What is being asked:
Faithfully repeat all of the records, as they are written below.

[Short descriptive text snippets]
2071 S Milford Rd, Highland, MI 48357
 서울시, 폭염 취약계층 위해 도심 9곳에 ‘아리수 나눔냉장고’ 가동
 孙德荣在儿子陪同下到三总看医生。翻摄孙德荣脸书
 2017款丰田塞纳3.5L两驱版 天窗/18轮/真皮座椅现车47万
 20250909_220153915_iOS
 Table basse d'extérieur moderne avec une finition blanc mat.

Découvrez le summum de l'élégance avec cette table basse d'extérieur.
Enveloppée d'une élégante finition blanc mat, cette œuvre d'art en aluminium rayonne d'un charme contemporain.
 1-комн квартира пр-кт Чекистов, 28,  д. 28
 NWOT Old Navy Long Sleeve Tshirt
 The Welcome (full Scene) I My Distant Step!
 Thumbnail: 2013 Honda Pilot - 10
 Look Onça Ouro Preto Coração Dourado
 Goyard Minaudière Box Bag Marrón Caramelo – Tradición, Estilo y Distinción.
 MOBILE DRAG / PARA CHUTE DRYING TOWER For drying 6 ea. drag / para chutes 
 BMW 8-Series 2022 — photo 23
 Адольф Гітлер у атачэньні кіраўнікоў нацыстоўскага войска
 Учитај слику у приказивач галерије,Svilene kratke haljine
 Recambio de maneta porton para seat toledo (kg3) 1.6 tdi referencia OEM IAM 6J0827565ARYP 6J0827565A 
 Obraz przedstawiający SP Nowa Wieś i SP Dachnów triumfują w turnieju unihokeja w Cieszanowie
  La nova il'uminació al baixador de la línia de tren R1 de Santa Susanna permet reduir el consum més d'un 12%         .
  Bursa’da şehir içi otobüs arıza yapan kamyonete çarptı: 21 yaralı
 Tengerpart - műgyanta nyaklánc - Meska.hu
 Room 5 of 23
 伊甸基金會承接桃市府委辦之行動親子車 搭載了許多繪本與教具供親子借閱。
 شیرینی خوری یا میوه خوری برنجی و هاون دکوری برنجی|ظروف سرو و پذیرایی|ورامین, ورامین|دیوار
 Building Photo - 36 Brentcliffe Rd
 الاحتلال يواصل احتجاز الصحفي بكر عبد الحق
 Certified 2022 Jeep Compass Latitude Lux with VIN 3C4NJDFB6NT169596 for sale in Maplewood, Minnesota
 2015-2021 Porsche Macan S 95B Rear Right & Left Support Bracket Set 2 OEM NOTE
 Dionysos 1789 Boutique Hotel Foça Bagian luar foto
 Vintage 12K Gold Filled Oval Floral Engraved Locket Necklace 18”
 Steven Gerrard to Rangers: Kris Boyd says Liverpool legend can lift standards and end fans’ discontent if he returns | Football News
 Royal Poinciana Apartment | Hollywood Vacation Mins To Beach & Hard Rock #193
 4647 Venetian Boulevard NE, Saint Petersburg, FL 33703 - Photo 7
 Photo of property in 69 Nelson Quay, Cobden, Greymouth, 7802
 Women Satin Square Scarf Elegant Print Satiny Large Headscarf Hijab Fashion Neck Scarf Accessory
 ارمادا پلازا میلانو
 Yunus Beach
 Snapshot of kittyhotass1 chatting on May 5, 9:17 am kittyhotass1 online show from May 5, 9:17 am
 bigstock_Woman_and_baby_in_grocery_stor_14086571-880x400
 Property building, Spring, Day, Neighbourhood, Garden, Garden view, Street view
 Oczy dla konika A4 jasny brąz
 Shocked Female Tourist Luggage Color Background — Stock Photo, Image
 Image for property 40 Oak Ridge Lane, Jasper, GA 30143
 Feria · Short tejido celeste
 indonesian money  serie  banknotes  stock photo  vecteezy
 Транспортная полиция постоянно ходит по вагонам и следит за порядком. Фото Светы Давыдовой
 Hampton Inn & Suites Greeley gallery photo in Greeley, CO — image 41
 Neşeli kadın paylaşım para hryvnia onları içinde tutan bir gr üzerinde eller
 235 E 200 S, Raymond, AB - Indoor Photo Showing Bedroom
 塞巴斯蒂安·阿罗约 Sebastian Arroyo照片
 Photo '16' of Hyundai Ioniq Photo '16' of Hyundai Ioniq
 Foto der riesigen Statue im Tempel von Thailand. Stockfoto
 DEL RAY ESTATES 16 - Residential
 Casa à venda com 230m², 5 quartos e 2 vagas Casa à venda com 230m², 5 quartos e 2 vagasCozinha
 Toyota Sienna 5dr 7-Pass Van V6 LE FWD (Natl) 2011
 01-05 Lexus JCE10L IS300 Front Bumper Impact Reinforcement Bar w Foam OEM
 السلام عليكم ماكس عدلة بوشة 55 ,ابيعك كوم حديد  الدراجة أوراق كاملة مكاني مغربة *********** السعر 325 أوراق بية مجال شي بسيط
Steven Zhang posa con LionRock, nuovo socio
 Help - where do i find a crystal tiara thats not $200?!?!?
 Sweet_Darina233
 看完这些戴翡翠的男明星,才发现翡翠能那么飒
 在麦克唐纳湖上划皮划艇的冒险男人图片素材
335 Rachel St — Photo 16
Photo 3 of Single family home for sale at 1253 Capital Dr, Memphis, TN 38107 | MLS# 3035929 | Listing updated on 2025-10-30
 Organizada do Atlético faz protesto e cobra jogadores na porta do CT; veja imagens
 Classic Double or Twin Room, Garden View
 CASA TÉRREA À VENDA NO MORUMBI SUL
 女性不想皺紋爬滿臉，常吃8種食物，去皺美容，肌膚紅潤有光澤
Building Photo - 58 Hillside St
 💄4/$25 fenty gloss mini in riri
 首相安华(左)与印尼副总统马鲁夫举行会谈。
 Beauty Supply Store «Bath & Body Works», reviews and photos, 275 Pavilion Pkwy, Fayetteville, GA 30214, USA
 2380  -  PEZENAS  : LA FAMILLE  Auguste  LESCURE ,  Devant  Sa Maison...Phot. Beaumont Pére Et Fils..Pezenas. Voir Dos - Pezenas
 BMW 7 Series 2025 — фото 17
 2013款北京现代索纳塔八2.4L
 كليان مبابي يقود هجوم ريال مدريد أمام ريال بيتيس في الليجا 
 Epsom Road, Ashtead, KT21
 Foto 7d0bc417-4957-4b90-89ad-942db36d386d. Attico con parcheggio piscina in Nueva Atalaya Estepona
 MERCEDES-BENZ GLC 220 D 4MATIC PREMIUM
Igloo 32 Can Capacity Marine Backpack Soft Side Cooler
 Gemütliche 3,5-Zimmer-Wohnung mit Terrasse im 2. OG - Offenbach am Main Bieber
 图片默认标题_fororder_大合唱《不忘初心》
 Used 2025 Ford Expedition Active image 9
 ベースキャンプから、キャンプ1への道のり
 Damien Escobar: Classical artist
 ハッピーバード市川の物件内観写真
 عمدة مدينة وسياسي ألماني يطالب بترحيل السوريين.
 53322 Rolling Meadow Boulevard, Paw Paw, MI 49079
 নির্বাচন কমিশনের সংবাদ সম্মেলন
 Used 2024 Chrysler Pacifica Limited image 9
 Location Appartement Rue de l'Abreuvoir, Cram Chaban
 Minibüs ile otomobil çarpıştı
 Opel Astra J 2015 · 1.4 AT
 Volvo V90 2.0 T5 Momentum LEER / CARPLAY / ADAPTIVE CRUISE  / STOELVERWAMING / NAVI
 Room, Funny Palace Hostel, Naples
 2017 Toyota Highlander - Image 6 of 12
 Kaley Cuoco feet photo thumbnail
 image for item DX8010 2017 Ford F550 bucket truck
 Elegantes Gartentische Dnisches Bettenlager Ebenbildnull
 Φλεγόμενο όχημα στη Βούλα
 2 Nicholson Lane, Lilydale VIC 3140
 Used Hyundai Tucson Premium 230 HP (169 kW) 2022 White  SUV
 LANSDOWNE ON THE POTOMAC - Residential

Solution for this exercise:
2071 S Milford Rd, Highland, MI 48357
 서울시, 폭염 취약계층 위해 도심 9곳에 ‘아리수 나눔냉장고’ 가동
 孙德荣在儿子陪同下到三总看医生。翻摄孙德荣脸书
 2017款丰田塞纳3.5L两驱版 天窗/18轮/真皮座椅现车47万
 20250909_220153915_iOS
 Table basse d'extérieur moderne avec une finition blanc mat.

Découvrez le summum de l'élégance avec cette table basse d'extérieur.
Enveloppée d'une élégante finition blanc mat, cette œuvre d'art en aluminium rayonne d'un charme contemporain.
 1-комн квартира пр-кт Чекистов, 28,  д. 28
 NWOT Old Navy Long Sleeve Tshirt
 The Welcome (full Scene) I My Distant Step!
 Thumbnail: 2013 Honda Pilot - 10
 Look Onça Ouro Preto Coração Dourado
 Goyard Minaudière Box Bag Marrón Caramelo – Tradición, Estilo y Distinción.
 MOBILE DRAG / PARA CHUTE DRYING TOWER For drying 6 ea. drag / para chutes 
 BMW 8-Series 2022 — photo 23
 Адольф Гітлер у атачэньні кіраўнікоў нацыстоўскага войска
 Учитај слику у приказивач галерије,Svilene kratke haljine
 Recambio de maneta porton para seat toledo (kg3) 1.6 tdi referencia OEM IAM 6J0827565ARYP 6J0827565A 
 Obraz przedstawiający SP Nowa Wieś i SP Dachnów triumfują w turnieju unihokeja w Cieszanowie
  La nova il'uminació al baixador de la línia de tren R1 de Santa Susanna permet reduir el consum més d'un 12%         .
  Bursa’da şehir içi otobüs arıza yapan kamyonete çarptı: 21 yaralı
 Tengerpart - műgyanta nyaklánc - Meska.hu
 Room 5 of 23
 伊甸基金會承接桃市府委辦之行動親子車 搭載了許多繪本與教具供親子借閱。
 شیرینی خوری یا میوه خوری برنجی و هاون دکوری برنجی|ظروف سرو و پذیرایی|ورامین, ورامین|دیوار
 Building Photo - 36 Brentcliffe Rd
 الاحتلال يواصل احتجاز الصحفي بكر عبد الحق
 Certified 2022 Jeep Compass Latitude Lux with VIN 3C4NJDFB6NT169596 for sale in Maplewood, Minnesota
 2015-2021 Porsche Macan S 95B Rear Right & Left Support Bracket Set 2 OEM NOTE
 Dionysos 1789 Boutique Hotel Foça Bagian luar foto
 Vintage 12K Gold Filled Oval Floral Engraved Locket Necklace 18”
 Steven Gerrard to Rangers: Kris Boyd says Liverpool legend can lift standards and end fans’ discontent if he returns | Football News
 Royal Poinciana Apartment | Hollywood Vacation Mins To Beach & Hard Rock #193
 4647 Venetian Boulevard NE, Saint Petersburg, FL 33703 - Photo 7
 Photo of property in 69 Nelson Quay, Cobden, Greymouth, 7802
 Women Satin Square Scarf Elegant Print Satiny Large Headscarf Hijab Fashion Neck Scarf Accessory
 ارمادا پلازا میلانو
 Yunus Beach
 Snapshot of kittyhotass1 chatting on May 5, 9:17 am kittyhotass1 online show from May 5, 9:17 am
 bigstock_Woman_and_baby_in_grocery_stor_14086571-880x400
 Property building, Spring, Day, Neighbourhood, Garden, Garden view, Street view
 Oczy dla konika A4 jasny brąz
 Shocked Female Tourist Luggage Color Background — Stock Photo, Image
 Image for property 40 Oak Ridge Lane, Jasper, GA 30143
 Feria · Short tejido celeste
 indonesian money  serie  banknotes  stock photo  vecteezy
 Транспортная полиция постоянно ходит по вагонам и следит за порядком. Фото Светы Давыдовой
 Hampton Inn & Suites Greeley gallery photo in Greeley, CO — image 41
 Neşeli kadın paylaşım para hryvnia onları içinde tutan bir gr üzerinde eller
 235 E 200 S, Raymond, AB - Indoor Photo Showing Bedroom
 塞巴斯蒂安·阿罗约 Sebastian Arroyo照片
 Photo '16' of Hyundai Ioniq Photo '16' of Hyundai Ioniq
 Foto der riesigen Statue im Tempel von Thailand. Stockfoto
 DEL RAY ESTATES 16 - Residential
 Casa à venda com 230m², 5 quartos e 2 vagas Casa à venda com 230m², 5 quartos e 2 vagasCozinha
 Toyota Sienna 5dr 7-Pass Van V6 LE FWD (Natl) 2011
 01-05 Lexus JCE10L IS300 Front Bumper Impact Reinforcement Bar w Foam OEM
 السلام عليكم ماكس عدلة بوشة 55 ,ابيعك كوم حديد  الدراجة أوراق كاملة مكاني مغربة *********** السعر 325 أوراق بية مجال شي بسيط
Steven Zhang posa con LionRock, nuovo socio
 Help - where do i find a crystal tiara thats not $200?!?!?
 Sweet_Darina233
 看完这些戴翡翠的男明星,才发现翡翠能那么飒
 在麦克唐纳湖上划皮划艇的冒险男人图片素材
335 Rachel St — Photo 16
Photo 3 of Single family home for sale at 1253 Capital Dr, Memphis, TN 38107 | MLS# 3035929 | Listing updated on 2025-10-30
 Organizada do Atlético faz protesto e cobra jogadores na porta do CT; veja imagens
 Classic Double or Twin Room, Garden View
 CASA TÉRREA À VENDA NO MORUMBI SUL
 女性不想皺紋爬滿臉，常吃8種食物，去皺美容，肌膚紅潤有光澤
Building Photo - 58 Hillside St
 💄4/$25 fenty gloss mini in riri
 首相安华(左)与印尼副总统马鲁夫举行会谈。
 Beauty Supply Store «Bath & Body Works», reviews and photos, 275 Pavilion Pkwy, Fayetteville, GA 30214, USA
 2380  -  PEZENAS  : LA FAMILLE  Auguste  LESCURE ,  Devant  Sa Maison...Phot. Beaumont Pére Et Fils..Pezenas. Voir Dos - Pezenas
 BMW 7 Series 2025 — фото 17
 2013款北京现代索纳塔八2.4L
 كليان مبابي يقود هجوم ريال مدريد أمام ريال بيتيس في الليجا 
 Epsom Road, Ashtead, KT21
 Foto 7d0bc417-4957-4b90-89ad-942db36d386d. Attico con parcheggio piscina in Nueva Atalaya Estepona
 MERCEDES-BENZ GLC 220 D 4MATIC PREMIUM
Igloo 32 Can Capacity Marine Backpack Soft Side Cooler
 Gemütliche 3,5-Zimmer-Wohnung mit Terrasse im 2. OG - Offenbach am Main Bieber
 图片默认标题_fororder_大合唱《不忘初心》
 Used 2025 Ford Expedition Active image 9
 ベースキャンプから、キャンプ1への道のり
 Damien Escobar: Classical artist
 ハッピーバード市川の物件内観写真
 عمدة مدينة وسياسي ألماني يطالب بترحيل السوريين.
 53322 Rolling Meadow Boulevard, Paw Paw, MI 49079
 নির্বাচন কমিশনের সংবাদ সম্মেলন
 Used 2024 Chrysler Pacifica Limited image 9
 Location Appartement Rue de l'Abreuvoir, Cram Chaban
 Minibüs ile otomobil çarpıştı
 Opel Astra J 2015 · 1.4 AT
 Volvo V90 2.0 T5 Momentum LEER / CARPLAY / ADAPTIVE CRUISE  / STOELVERWAMING / NAVI
 Room, Funny Palace Hostel, Naples
 2017 Toyota Highlander - Image 6 of 12
 Kaley Cuoco feet photo thumbnail
 image for item DX8010 2017 Ford F550 bucket truck
 Elegantes Gartentische Dnisches Bettenlager Ebenbildnull
 Φλεγόμενο όχημα στη Βούλα
 2 Nicholson Lane, Lilydale VIC 3140
 Used Hyundai Tucson Premium 230 HP (169 kW) 2022 White  SUV
 LANSDOWNE ON THE POTOMAC - Residential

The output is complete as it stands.